Start of Input for this task

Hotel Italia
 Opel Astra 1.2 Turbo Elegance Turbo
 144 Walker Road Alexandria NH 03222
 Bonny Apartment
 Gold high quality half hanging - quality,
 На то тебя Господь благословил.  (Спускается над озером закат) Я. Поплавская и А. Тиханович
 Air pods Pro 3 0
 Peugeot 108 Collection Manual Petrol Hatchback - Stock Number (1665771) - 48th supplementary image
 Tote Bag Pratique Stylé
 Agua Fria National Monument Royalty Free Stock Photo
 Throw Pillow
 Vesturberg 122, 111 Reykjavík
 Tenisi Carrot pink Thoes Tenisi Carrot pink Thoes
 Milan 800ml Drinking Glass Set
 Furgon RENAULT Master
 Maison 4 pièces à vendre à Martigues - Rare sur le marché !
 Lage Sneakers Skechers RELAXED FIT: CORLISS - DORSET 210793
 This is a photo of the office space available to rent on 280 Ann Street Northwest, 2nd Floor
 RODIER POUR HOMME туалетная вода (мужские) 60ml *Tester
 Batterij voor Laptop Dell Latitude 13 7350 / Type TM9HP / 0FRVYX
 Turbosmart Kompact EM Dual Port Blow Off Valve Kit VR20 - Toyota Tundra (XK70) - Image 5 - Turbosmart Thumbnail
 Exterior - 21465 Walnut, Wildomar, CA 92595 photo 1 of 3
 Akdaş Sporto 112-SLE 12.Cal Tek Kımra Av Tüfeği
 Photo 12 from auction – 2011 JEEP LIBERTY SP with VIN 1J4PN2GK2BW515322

End of Input for this task

In your reply, restate exactly the lines from the start of the records above through the line holding "Air pods Pro 3 0", including both, and nothing else.

Hotel Italia
 Opel Astra 1.2 Turbo Elegance Turbo
 144 Walker Road Alexandria NH 03222
 Bonny Apartment
 Gold high quality half hanging - quality,
 На то тебя Господь благословил.  (Спускается над озером закат) Я. Поплавская и А. Тиханович
 Air pods Pro 3 0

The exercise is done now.